On the August 4 edition of MSNBC's Scarborough Country, host and former U.S. Representative Joe Scarborough (R-FL) followed other conservatives in citing only the Gallup poll -- the only poll to show President George W. Bush leading Senator John Kerry -- to claim that Kerry received a “negative bump” following the Democratic National Convention. He also misrepresented support for Kerry among conventioneers.
“The USA Today/CNN/Gallup poll found that John Kerry lost two percentage points among likely voters, while George Bush actually gained five points,” Scarborough reported, to support his assertion that Kerry got a post-convention “negative bump.” The USA Today/CNN/Gallup poll (July 30 - August 1) showed Bush gaining ground on Kerry (a four-point bounce, not five as Scarborough reported; the margin of error was three points).
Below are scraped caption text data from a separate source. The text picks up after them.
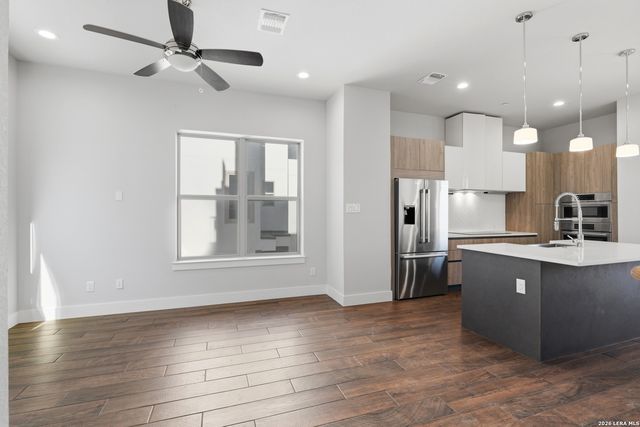 1817 N Saint Marys St Unit 301, San Antonio, TX 78212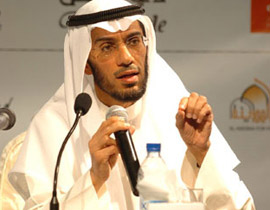 الشيخ القرني ينتقد الأئمة الذين يدعون لهلاك اليهود والنصارى صورة رقم 1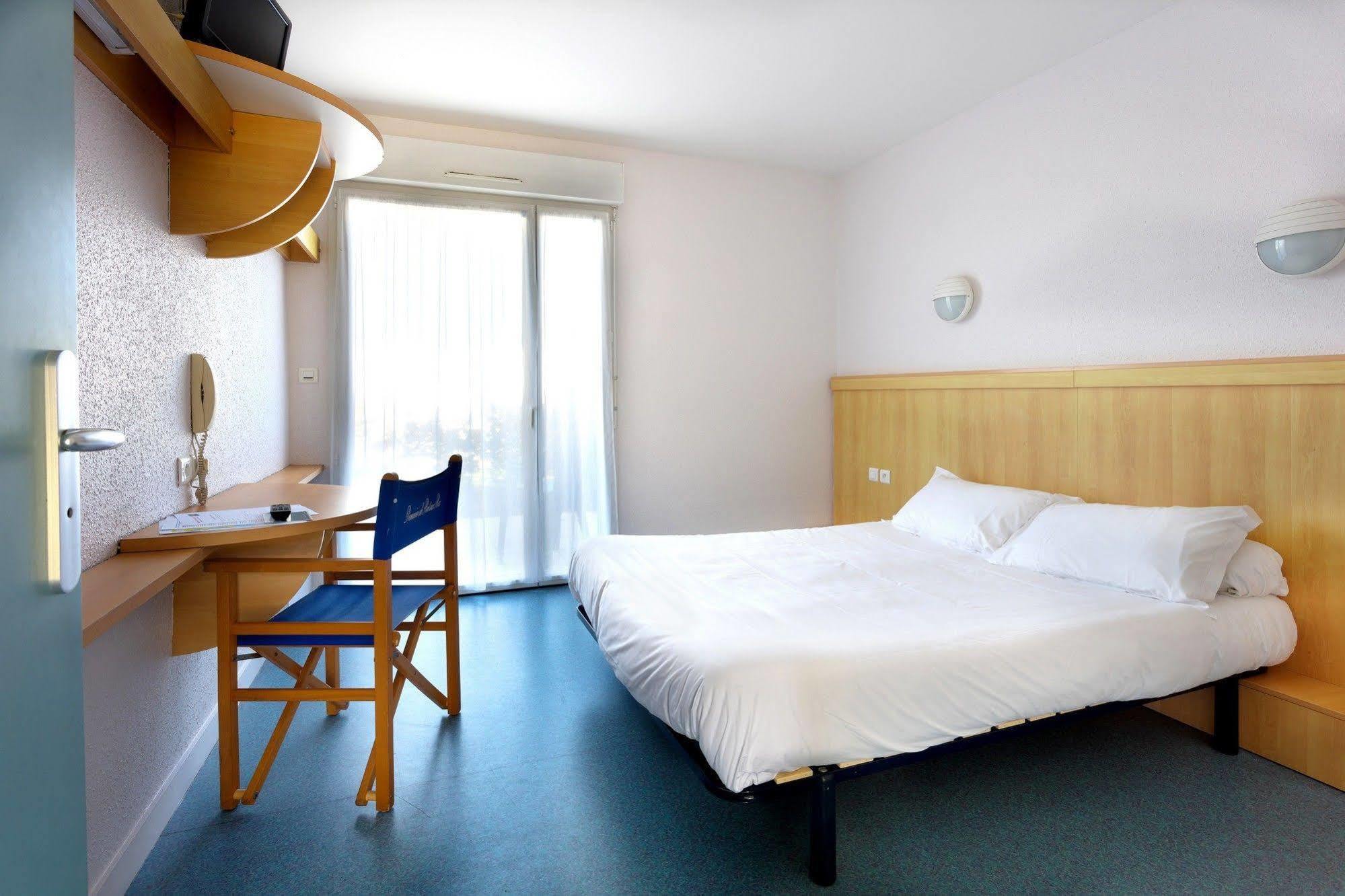 Hotel-Club Et Locations Domaine De Port Aux Rocs ル・クロワジック エクステリア 写真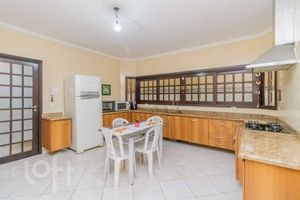 Image 4 - 693883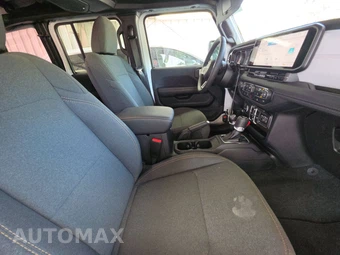 2026 Jeep Wrangler 4 Door Sahara - miniatura 8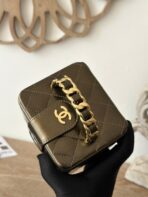 MINI VINTAGE COSMETIC BAG 11 IN MIKADO SHINY CALFSKIN GOLD HARDWARE - Image 5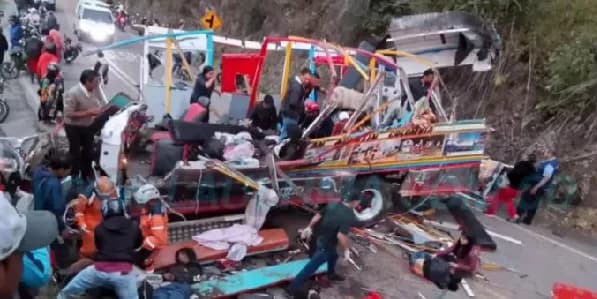 Accidente de tránsito en el sur del Huila dejó al menos siete muertos y siete heridos, autoridades trabajan en la confirmación de las cifras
Yet as Media Matters for America has previously noted, other post-convention polls showed Kerry achieving a small post-convention bounce.
In addition to those polls MMFA originally cited, two more polls have been released since. The FOX News/Opinion Dynamics poll (August 3 - August 4) showed Kerry earning a five-point bounce among registered voters (pre-convention, Kerry trailed Bush by one point; he is now up by four) and a three-point bump among likely voters (within the three-point margin of error). In the Marist College poll (July 30 - August 2), Kerry remained one point ahead of Bush among registered voters; Bush gained one point to tie with Kerry among likely voters. No poll, aside from the Gallup poll, shows Bush leading Kerry.
Scarborough also attempted to downplay support for Kerry among convention attendees: “When I was up in Boston [at the Democratic National Convention], I spoke with close to 1,000 people. ... I never found one person that told me that they were excited about voting for John Kerry. I found all of the people I spoke to were very excited about getting rid of George W. Bush, almost at a fevered pitch.”
However, a New York Times/CBS News poll of delegates to the 2004 Democratic National Convention (conducted June 16 through July 17) indicated that 88 percent of delegates enthusiastically supported Kerry; 6 percent supported Kerry but had reservations about him; and just 4 percent only supported Kerry because he was the likely party nominee.